David> We have been driving one of the trends which has been the growth of the direct-to-client creative production agency. However in 2019 there are many competing trends which is causing a fair bit of head scratching sometimes: price driven decoupling versus supporting local brands and economies, clients in-housing work at the same time as working with more specialists, everybody talking about AI, bots and programmatic but still wanting more authentic, real, human experiences and lastly the growth of environmental consciousness and purpose based marketing.
LBB> What role does data play in all of that? And how do you make sure you're getting accurate data to help you make decisions?
David> I used to work for a direct marketing business and data was the big driver, however nowadays the sheer amount of data produced by one individual consumer, in one day, boggles the mind. So the question I always ask is what lens, what organisational structure, are you going to put over that data to allow you to see insights clearly and in what time frame.
In the creative production world much of our data is based on cost, time, resource, workflow. The customer data tends to be managed by other parts of the ecosystem but with real-time advertising and personalisation that is changing. Getting accurate business data is sometimes hard and getting it in a digestible form is something that people struggle with. So I ask my teams for are graphic representations of data and data visualisation that allows you to see trends more easily.
LBB> How would you characterise the talent pool as you see it right now, both in London and on a more global scale – are there any problems you think need to be addressed here?
David> We do struggle to recruit the right kind of people as we do like polymaths! There is a growing trend to freelancing particularly in the digital sphere and this also has an inflationary effect and in turn then drives you to look at moving the work to lower cost locations. The world economy is changing faster than I think anyone realises so the work people do, where they do it and how, is changing.
If you look at entrepreneurs today – when they start they are all over producing their own content, writing their own social posts, configuring their own websites, managing their own PPC and media and are much more generalist in their approach. People leaving college will look at our industry and expect to do more than just manage one discipline of the media production business. We can’t put people in boxes and expect them to stay there. We have always been a diverse International bunch at Hogarth but I think we need even more diverse media backgrounds and career paths to stop us becoming institutionalised by the old agency world.

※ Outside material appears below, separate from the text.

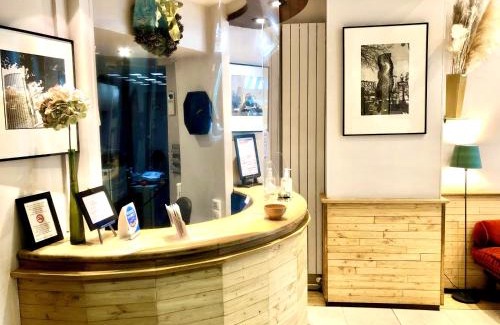 Montparnasse Hotel | Hôtel Odessa Montparnasse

LBB> Hogarth was recently announced as part of the cross-company team that will take on the new VW business. How do you see your role in that moving forward?
David> I used to work on VW at Proximity and it’s a great brand. WPP has a unique opportunity with that client. We will be supporting the WPP team across many parts of the business but it’s early days but our engines are running.
LBB> WPP has been through a period of drastic change over the past year. How has that impacted Hogarth and your place in the business landscape?
David> We were lucky in some ways as there were not too many competing WPP businesses in our sector and we talked about ourselves as the horizontal production ‘backbone for WPP’ across agency brands so our agency partnerships are changing fast in a good way to being multimedia content production hubs – for the likes of Wunderman Thompson, VMLY&R and Ogilvy. So there is a lot of change both at WPP and closer to home but change is a constant and you have to roll with it I guess.
LBB> What do you do outside of work to keep your fires stoked? (I saw a tweet about the Beastie Boys' Licensed to Ill. Hip hop fan?)
David> I mainly like to be outdoors all the time at weekends with my family and dogs. This year I am planning on surfing more and better, more exercise, more yoga. My family are avoiding supermarket meat and associated packaging (still eating meat, but healthier, better managed animals). Music – yes as a result of listening to too much old school hip hop with my son – he now fires a whole lot of lyrics back at me, better than I ever could, which is really annoying!